11 septembre 2024

Les vertus de l’accumulation

Selon la société d’études Strategy Analytics, plus d’un milliard d’appareils ont été vendus en 2006. Le chiffre est astronomique et restera dans l’histoire, il n’est pas secondaire devant ce qu’il annonce comme perspective et enseignement. La principale leçon est que le marché mondial des TIC et du téléphone portable en particulier seront l’un de ceux où l’on enregistre le plus de croissance et, donc, le plus de profit en ce début de la première moitié du XXIème siècle. Rien que pour 2007, alors que nous venons de vivre une année historique, la croissance doit se poursuivre au rythme de plus de 10%.
La deuxième leçon est que le milliard de téléphones portables vendus relance une concurrence déjà très rude. Le rebond attendu dans ce domaine est crédité par le fait que le 8 janvier dernier, le géant mondial Nokia a exhibé un nouveau téléphone pour l’Internet. Le N800, comme on l’appelle, est présenté comme un sérieux concurrent pour le futur iPhone d’Apple, qui fera, rappelons-le, office de téléphone et de baladeur de musique numérique. Ce même rebond est conforté par une prévision quasi certaine : le monde devrait compter 4 milliards d’abonnés en 2010 contre 3 milliards cette année.
Une manne que devraient se partager les fameux Fabfive, Nokia, Motorola, Samsung, SonyEricsson et LG. Ces poids lourds de la téléphonie mondiale devraient verrouiller le champ pour les 15 à 20 prochaines années et ne laisser aux petits autres fabricants que des miettes, moins de 20% du marché mondial. Le reste du monde, lui, devra se contenter de compter tous les cinq ans les innovations technologiques, c’est là en général la moyenne pour les «five super stars» que nous venons citer, et de consommer.
La troisième leçon, qui est une digression, est que, hormis la Chine (qui est déjà dans la cour des grands) ou l’Inde (qui s’annonce comme le grand outsider en tant que fabricant de portables et de composants notamment), les pays prétendants au marché des TIC doivent faire des efforts homériques en matière d’investissement pour rattraper un train déjà lancé à une vitesse «grand V». Car le problème n’est pas celui du capital seulement, il est aussi celui de la capitalisation et de l’accumulation surtout.
Nokia, pour ne citer que cet exemple luxueux pour nos tropiques, jette ses racines dans le XIXème siècle. Il a commencé son activité en tant que groupe en 1966 après la fusion de plusieurs de ses anciennes industries comme le câble, la papeterie et le caoutchouc. Il n’a véritablement démarré qu’après s’être débarrassé en 1992 de toutes ses autres activités –comme la fabrication des appareils de télévision- et centré tout son génie sur la téléphonie mobile.

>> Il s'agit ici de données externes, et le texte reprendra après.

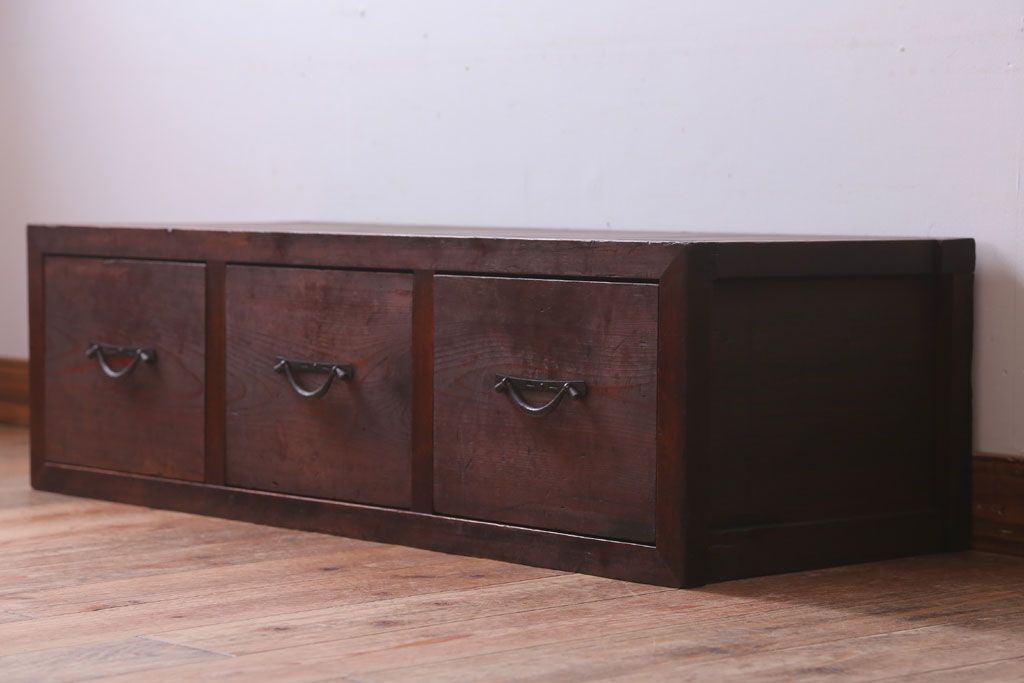 アンティーク家具　和製アンティーク　古い木製の3杯引き出しローボード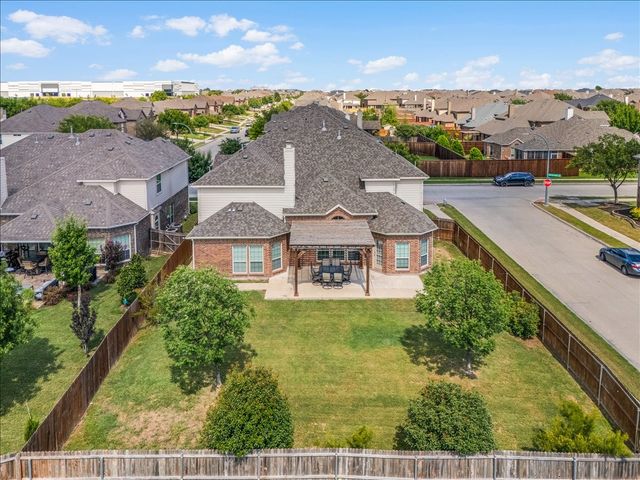 9833 Saltbrush Street, Fort Worth, TX 76177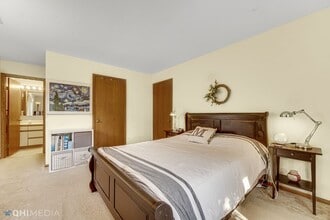 1507 N Milwaukee Ave, Unit 5D in Libertyville, IL - Building Photo - Building Photo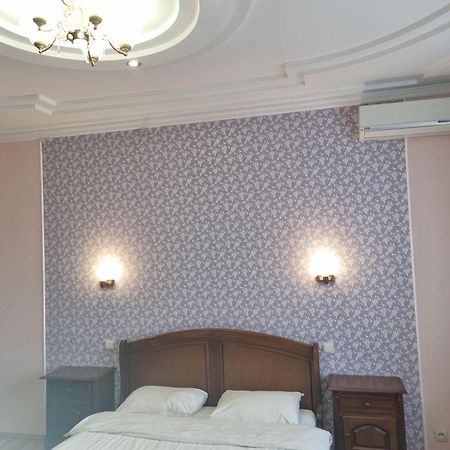 Hotel Complex Uhnovych Ternopil Dış mekan fotoğraf
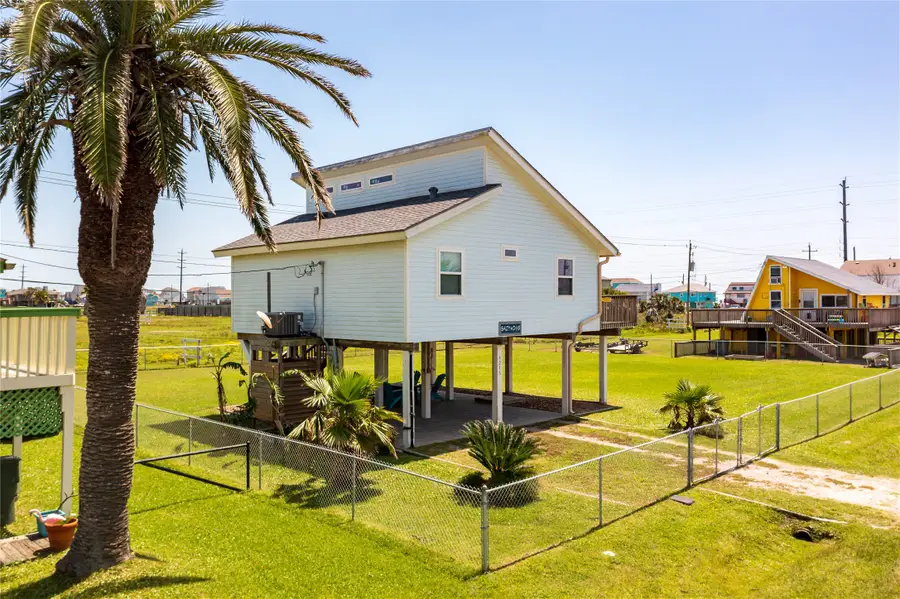 4215 San Jacinto Drive, Galveston, TX 77554 - Image #2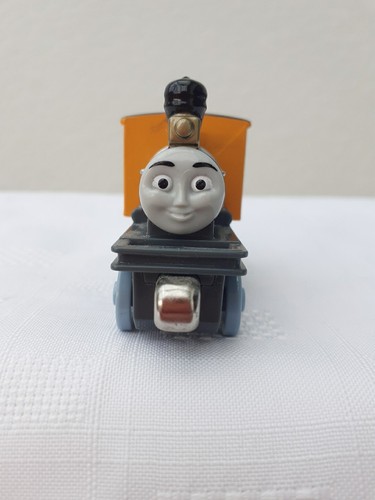 Thomas the Tank Engine Take N Play Bash Magnetic Die Cast - Picture 8 of 12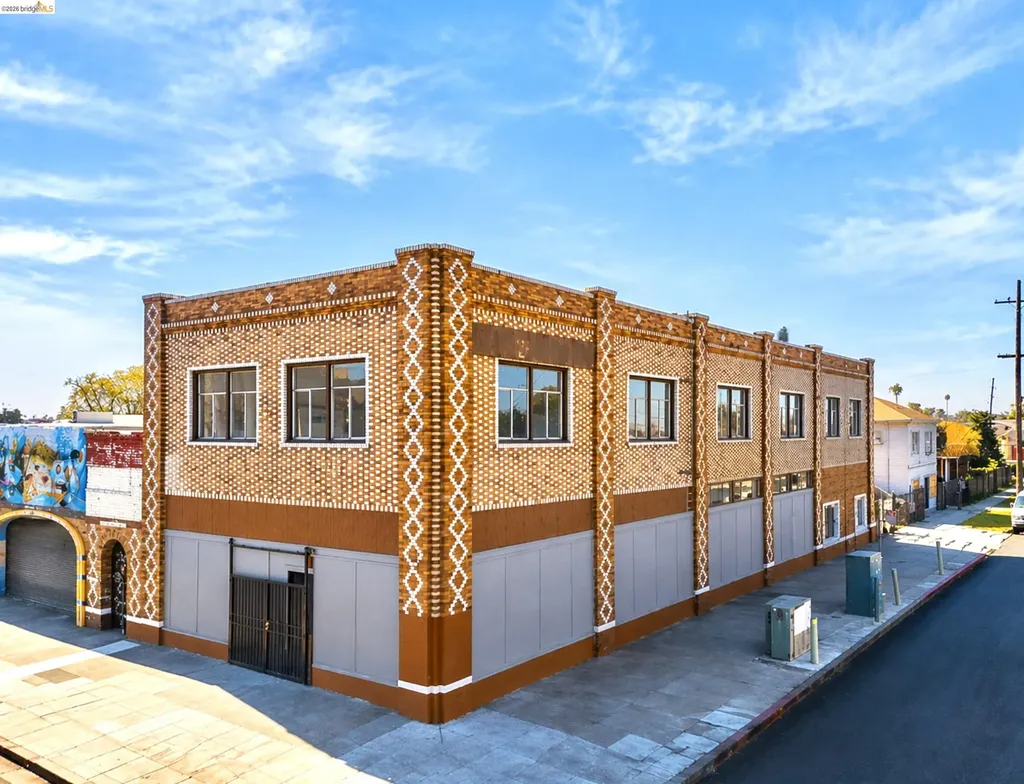 8801 International Boulevard Oakland CA 94621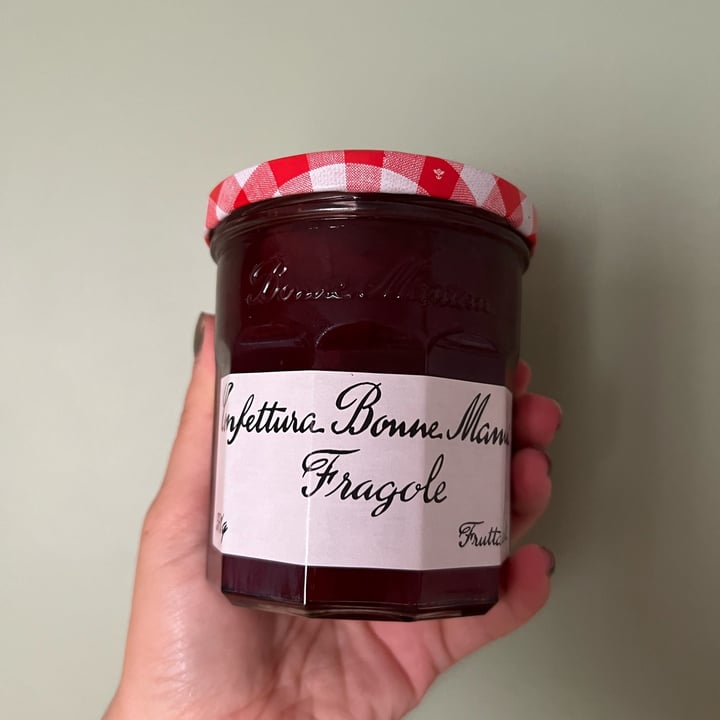 photo of Bonne Maman Confettura di fragola shared by @julietvampire2 on  12 Jun 2022 - review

Avec un savoir-faire avéré, des laboratoires de recherche parmi les plus innovateurs au monde, une gestion des plus fines, des structures stables et des financements constamment disponibles et fluides, Nokia a donc mis quarante ans pour occuper la place qui est la sienne : plus de 100 millions d’unités produites au dernier trimestre 2006, des ventes annuelles dépassant les 41 milliards d’euros et un profit de 4,3 milliards.
Restons dans la digression et abordons l’exemple algérien : à supposer que nous soyons sur la bonne voie, il faut ne rien espérer avant vingt à trente ans au moins. Après les ruptures brutales et la «casse» que le pays a connues en matière d’infrastructures informatiques –l’Algérie était dans ce domaine-là leader africain et arabe dans les années soixante-dix- c’est le temps nécessaire pour reconstruire. Le CNI –Commissariat national à l’informatique- a vu le jour en 1969.
Mais encore faut-il préciser dans quoi ! Hormis la publicité sur le technopôle de Sidi Abdallah, on ne sait pas vraiment encore dans quelle direction nous allons et quelle niche allons-nous occuper pour faire valoir nos atouts. La question est importante parce que sans spécialisation, l’Algérie n’a pratiquement aucune chance de tenir la dragée haute à des pays qui ont depuis longtemps non seulement la suprématie technologique mais la compétitivité également. Elle est importante parce que les fonds alloués par l’Etat au secteur, si importants soient-ils, ne sont pas éternels. Il faut qu’ils soient relayés par les investissements tiers, étrangers notamment. Tout un programme qui ne tolère aucun raté.